Морган ошарашенно смотрел на него:
– Что ты набрал? Ты что, просто…
– Послушай, Морган. Может, тебе, чтобы не забывать, и надо все записывать. Но вспомни, какое трехзначное число, непонятно зачем написанное, мы с тобой недавно видели?
– Понятия не имею.
– Имеешь, дорогой. Три-девять-один! Вспомни, на доске! В кабинете мистера Джеффериса. В общем, код к этому замку был три-девять-один!
– Погоди, какой код, говоришь? – спросил Морган. – А при чем здесь это? С какой стати код к сундуку, стоящему у тебя на чердаке, оказался на доске у мистера Джеффериса?
– Не знаю, – сказал Эрен и взялся за крышку сундука, хотя по спине его бегали мурашки. – Не знаю, – повторил он.
Некоторое время он не двигался, просто держался обеими руками за крышку. «Как же так? – думал он. – Разве такое возможно?» Но это не может быть совпадением. Тысяча комбинаций, а совпала именно эта. Число, нацарапанное мелом на доске его погибшим учителем… ведь в этом сундуке могут храниться ответы на все вопросы, теснящиеся у него в голове, вот почему он не торопился открывать крышку.

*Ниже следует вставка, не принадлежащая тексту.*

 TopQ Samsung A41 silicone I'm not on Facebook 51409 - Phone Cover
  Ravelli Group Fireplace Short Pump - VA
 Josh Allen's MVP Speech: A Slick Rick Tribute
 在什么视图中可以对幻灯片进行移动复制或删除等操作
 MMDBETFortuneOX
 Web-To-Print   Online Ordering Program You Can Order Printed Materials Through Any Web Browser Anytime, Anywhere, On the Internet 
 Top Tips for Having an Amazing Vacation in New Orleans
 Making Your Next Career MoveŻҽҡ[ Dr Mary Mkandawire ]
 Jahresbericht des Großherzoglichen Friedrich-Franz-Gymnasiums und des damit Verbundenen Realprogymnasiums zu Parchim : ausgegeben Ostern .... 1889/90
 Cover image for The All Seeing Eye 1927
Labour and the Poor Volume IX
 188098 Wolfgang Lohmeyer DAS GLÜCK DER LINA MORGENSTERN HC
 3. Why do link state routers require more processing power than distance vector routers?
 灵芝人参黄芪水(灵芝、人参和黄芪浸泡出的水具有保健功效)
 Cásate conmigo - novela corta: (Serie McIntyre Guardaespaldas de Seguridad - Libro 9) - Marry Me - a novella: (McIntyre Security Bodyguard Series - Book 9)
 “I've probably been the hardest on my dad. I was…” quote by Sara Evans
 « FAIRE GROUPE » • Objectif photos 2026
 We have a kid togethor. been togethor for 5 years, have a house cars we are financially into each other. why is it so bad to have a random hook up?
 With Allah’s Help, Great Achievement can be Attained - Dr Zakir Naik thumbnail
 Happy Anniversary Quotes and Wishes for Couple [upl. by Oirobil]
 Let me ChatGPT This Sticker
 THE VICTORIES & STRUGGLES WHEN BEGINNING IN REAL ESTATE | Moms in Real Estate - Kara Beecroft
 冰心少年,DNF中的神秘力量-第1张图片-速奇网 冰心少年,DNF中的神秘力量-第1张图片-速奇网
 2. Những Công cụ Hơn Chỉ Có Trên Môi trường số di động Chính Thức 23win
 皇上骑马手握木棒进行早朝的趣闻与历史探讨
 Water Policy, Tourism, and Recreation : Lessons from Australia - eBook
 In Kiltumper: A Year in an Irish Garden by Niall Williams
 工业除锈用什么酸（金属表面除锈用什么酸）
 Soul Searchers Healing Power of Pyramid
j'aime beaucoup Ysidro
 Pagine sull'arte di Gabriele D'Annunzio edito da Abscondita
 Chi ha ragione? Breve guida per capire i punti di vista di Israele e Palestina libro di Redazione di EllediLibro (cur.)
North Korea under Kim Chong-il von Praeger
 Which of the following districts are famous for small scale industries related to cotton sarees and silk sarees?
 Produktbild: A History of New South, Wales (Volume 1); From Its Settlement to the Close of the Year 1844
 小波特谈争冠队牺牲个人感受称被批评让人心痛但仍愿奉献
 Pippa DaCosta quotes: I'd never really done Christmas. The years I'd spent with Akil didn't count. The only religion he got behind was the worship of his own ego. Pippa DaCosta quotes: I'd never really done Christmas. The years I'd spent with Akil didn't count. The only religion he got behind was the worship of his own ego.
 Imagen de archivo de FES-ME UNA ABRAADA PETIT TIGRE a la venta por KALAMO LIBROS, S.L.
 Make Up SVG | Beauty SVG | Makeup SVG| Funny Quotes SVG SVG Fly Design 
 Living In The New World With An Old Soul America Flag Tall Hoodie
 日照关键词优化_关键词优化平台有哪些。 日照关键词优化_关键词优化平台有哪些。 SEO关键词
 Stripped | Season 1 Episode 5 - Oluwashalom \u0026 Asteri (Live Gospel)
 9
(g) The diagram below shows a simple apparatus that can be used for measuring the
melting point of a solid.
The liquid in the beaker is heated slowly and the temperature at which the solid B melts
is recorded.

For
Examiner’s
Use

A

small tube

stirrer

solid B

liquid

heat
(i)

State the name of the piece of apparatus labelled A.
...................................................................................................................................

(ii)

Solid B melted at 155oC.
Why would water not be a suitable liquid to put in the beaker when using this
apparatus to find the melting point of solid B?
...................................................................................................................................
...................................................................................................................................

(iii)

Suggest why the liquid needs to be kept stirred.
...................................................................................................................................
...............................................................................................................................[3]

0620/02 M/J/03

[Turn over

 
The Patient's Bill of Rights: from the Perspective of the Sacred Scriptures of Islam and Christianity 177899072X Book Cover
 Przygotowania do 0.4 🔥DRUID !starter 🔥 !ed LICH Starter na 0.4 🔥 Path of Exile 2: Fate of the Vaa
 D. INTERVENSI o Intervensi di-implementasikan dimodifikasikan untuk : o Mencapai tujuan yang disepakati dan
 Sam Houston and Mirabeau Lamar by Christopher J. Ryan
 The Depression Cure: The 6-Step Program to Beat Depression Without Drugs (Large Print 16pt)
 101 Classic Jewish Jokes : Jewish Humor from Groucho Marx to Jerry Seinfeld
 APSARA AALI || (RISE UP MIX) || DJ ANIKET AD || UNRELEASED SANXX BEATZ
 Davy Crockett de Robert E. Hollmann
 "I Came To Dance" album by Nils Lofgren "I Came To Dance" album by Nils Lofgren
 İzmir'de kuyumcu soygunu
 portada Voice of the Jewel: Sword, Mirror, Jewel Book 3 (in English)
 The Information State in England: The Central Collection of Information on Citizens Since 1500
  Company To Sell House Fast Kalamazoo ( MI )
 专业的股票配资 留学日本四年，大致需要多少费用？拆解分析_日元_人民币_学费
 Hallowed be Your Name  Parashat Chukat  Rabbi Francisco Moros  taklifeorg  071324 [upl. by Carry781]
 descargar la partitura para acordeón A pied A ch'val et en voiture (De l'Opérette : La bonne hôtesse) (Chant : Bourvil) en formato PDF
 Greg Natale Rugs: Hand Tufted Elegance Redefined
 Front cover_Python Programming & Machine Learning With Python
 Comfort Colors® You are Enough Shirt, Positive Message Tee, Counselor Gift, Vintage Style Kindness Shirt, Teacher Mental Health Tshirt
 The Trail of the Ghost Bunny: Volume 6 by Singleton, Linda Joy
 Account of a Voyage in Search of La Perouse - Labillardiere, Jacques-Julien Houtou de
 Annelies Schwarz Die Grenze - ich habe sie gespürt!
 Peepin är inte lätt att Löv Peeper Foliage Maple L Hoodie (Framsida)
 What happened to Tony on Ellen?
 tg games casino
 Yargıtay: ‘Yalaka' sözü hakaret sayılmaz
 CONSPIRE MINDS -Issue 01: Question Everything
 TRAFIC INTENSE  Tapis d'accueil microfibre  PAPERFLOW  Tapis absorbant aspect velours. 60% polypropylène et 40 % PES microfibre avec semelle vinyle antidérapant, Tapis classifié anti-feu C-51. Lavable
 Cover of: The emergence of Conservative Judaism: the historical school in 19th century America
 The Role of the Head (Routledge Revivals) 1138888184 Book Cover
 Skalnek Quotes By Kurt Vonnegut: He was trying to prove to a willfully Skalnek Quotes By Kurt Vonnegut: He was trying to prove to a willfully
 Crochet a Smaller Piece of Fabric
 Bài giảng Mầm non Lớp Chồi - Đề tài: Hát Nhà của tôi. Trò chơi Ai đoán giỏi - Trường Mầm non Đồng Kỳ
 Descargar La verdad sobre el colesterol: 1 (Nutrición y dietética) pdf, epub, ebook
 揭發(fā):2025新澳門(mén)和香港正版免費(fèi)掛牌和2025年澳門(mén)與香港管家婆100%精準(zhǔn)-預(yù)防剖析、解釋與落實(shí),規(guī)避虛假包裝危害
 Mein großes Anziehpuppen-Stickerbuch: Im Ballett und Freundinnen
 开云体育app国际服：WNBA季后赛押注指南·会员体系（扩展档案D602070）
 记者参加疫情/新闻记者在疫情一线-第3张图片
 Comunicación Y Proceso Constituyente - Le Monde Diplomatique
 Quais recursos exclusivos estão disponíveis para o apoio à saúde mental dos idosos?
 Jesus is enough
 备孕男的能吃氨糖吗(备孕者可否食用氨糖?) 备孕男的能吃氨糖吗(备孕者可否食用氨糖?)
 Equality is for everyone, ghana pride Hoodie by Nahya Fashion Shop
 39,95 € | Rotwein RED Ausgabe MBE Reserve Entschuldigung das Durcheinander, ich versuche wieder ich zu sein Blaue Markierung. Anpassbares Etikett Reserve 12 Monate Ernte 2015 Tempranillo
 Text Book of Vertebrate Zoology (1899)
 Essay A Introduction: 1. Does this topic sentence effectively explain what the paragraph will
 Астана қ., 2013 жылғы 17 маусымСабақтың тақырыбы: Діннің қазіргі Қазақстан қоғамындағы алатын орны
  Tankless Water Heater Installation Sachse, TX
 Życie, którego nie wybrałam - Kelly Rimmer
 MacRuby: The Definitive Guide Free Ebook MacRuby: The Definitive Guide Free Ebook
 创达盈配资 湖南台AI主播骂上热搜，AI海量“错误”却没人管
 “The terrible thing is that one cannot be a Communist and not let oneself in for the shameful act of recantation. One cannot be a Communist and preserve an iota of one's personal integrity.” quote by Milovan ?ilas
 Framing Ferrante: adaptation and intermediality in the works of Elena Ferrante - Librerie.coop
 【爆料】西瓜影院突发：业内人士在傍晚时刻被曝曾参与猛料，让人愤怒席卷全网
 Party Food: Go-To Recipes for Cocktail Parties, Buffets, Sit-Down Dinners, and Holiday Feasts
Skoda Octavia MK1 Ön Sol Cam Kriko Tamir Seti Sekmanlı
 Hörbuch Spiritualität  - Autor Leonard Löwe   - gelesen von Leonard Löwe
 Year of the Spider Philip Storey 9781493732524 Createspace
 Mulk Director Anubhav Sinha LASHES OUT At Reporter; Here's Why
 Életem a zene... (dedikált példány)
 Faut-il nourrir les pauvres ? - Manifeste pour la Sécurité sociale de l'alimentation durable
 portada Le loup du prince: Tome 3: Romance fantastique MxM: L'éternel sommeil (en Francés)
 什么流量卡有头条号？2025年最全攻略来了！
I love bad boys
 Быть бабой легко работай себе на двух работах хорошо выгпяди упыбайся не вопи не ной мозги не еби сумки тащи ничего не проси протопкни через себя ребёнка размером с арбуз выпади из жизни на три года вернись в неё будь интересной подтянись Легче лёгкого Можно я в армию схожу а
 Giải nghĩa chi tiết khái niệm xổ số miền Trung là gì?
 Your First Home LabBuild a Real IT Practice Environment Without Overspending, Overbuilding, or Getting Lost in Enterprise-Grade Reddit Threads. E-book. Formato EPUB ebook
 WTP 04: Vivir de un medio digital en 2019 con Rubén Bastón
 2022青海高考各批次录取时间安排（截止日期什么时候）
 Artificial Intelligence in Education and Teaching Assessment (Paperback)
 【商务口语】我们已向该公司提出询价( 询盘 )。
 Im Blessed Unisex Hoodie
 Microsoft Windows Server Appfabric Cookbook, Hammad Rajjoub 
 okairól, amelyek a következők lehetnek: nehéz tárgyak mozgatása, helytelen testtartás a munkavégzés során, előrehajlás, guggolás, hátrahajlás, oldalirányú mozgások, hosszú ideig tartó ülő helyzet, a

Рядом послышался шорох. Морган пробрался поближе и тоже взялся за крышку. Он потянул вверх, и Эрен присоединился. Наконец крышка откинулась. Внутри сундука было темно.
Мальчики осветили его фонариками, опасаясь, что там окажется пусто. Но нет. Его наполовину заполняли бумаги, многие были сложены в пачки и скреплены скрепками. Еще там лежало несколько фотографий, и на них Эрен узнал улыбающуюся мать.
Эрен взял одну пачку, снял скрепку. Не торопясь стал просматривать. Это были письма матери к его отцу. Письма, исполненные горячей любви. Каждое начиналось словами «Любимый мой» и заканчивалось «твоя Лиллит». Письма были длинные, на целую страницу, а некоторые даже – на две или три. Там говорилось о том, как сильно мать любит отца, подробно описывались их встречи.